第66章
Meanwhile the Athenians, greatly encouraged by the inaction of the Mitylenians, summoned allies to their aid, who came in all the quicker from seeing so little vigour displayed by the Lesbians, and bringing round their ships to a new station to the south of the town, fortified two camps, one on each side of the city, and instituted a blockade of both the harbours. The sea was thus closed against the Mitylenians, who, however, commanded the whole country, with the rest of the Lesbians who had now joined them; the Athenians only holding a limited area round their camps, and using Malea more as the station for their ships and their market.
While the war went on in this way at Mitylene, the Athenians, about the same time in this summer, also sent thirty ships to Peloponnese under Asopius, son of Phormio; the Acarnanians insisting that the commander sent should be some son or relative of Phormio.
As the ships coasted along shore they ravaged the seaboard of Laconia;after which Asopius sent most of the fleet home, and himself went on with twelve vessels to Naupactus, and afterwards raising the whole Acarnanian population made an expedition against Oeniadae, the fleet sailing along the Achelous, while the army laid waste the country.
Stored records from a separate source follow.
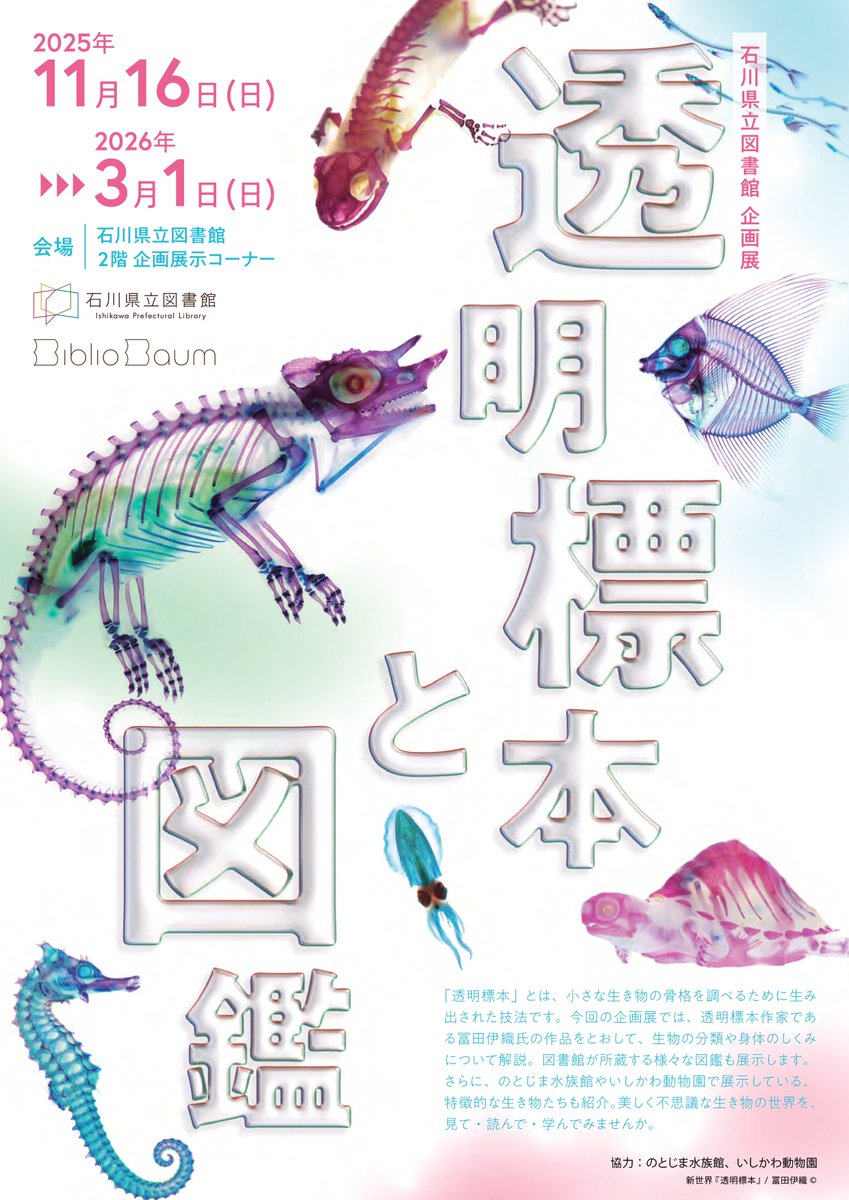 冨田伊織 - 新世界『透明標本 』 (@shinsekai_th) / Posts / X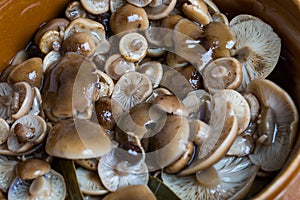 Marinated honey fungus in brown bowl on wooden table.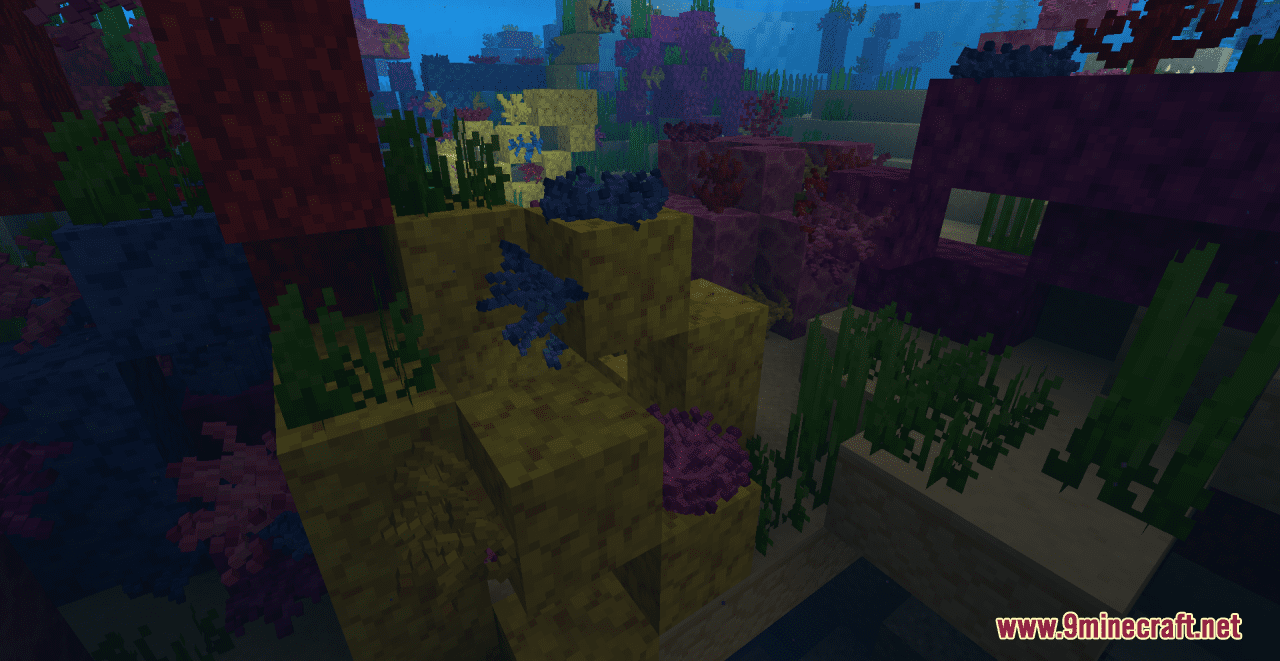 Cybers Better Coral Resource Pack (1.20.6, 1.20.1) - Texture Pack 11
The inhabitants, however, showing no signs of submitting, he dismissed the land forces and himself sailed to Leucas, and making a descent upon Nericus was cut off during his retreat, and most of his troops with him, by the people in those parts aided by some coastguards; after which the Athenians sailed away, recovering their dead from the Leucadians under truce.
Meanwhile the envoys of the Mitylenians sent out in the first ship were told by the Lacedaemonians to come to Olympia, in order that the rest of the allies might hear them and decide upon their matter, and so they journeyed thither. It was the Olympiad in which the Rhodian Dorieus gained his second victory, and the envoys having been introduced to make their speech after the festival, spoke as follows:
"Lacedaemonians and allies, the rule established among the Hellenes is not unknown to us. Those who revolt in war and forsake their former confederacy are favourably regarded by those who receive them, in so far as they are of use to them, but otherwise are thought less well of, through being considered traitors to their former friends. Nor is this an unfair way of judging, where the rebels and the power from whom they secede are at one in policy and sympathy, and a match for each other in resources and power, and where no reasonable ground exists for the rebellion. But with us and the Athenians this was not the case; and no one need think the worse of us for revolting from them in danger, after having been honoured by them in time of peace.
"Justice and honesty will be the first topics of our speech, especially as we are asking for alliance; because we know that there can never be any solid friendship between individuals, or union between communities that is worth the name, unless the parties be persuaded of each other's honesty, and be generally congenial the one to the other; since from difference in feeling springs also difference in conduct. Between ourselves and the Athenians alliance began, when you withdrew from the Median War and they remained to finish the business. But we did not become allies of the Athenians for the subjugation of the Hellenes, but allies of the Hellenes for their liberation from the Mede; and as long as the Athenians led us fairly we followed them loyally; but when we saw them relax their hostility to the Mede, to try to compass the subjection of the allies, then our apprehensions began. Unable, however, to unite and defend themselves, on account of the number of confederates that had votes, all the allies were enslaved, except ourselves and the Chians, who continued to send our contingents as independent and nominally free.
Trust in Athens as a leader, however, we could no longer feel, judging by the examples already given; it being unlikely that she would reduce our fellow confederates, and not do the same by us who were left, if ever she had the power.
"Had we all been still independent, we could have had more faith in their not attempting any change; but the greater number being their subjects, while they were treating us as equals, they would naturally chafe under this solitary instance of independence as contrasted with the submission of the majority; particularly as they daily grew more powerful, and we more destitute. Now the only sure basis of an alliance is for each party to be equally afraid of the other; he who would like to encroach is then deterred by the reflection that he will not have odds in his favour. Again, if we were left independent, it was only because they thought they saw their way to empire more clearly by specious language and by the paths of policy than by those of force. Not only were we useful as evidence that powers who had votes, like themselves, would not, surely, join them in their expeditions, against their will, without the party attacked being in the wrong; but the same system also enabled them to lead the stronger states against the weaker first, and so to leave the former to the last, stripped of their natural allies, and less capable of resistance. But if they had begun with us, while all the states still had their resources under their own control, and there was a centre to rally round, the work of subjugation would have been found less easy. Besides this, our navy gave them some apprehension: it was always possible that it might unite with you or with some other power, and become dangerous to Athens. The court which we paid to their commons and its leaders for the time being also helped us to maintain our independence. However, we did not expect to be able to do so much longer, if this war had not broken out, from the examples that we had had of their conduct to the rest.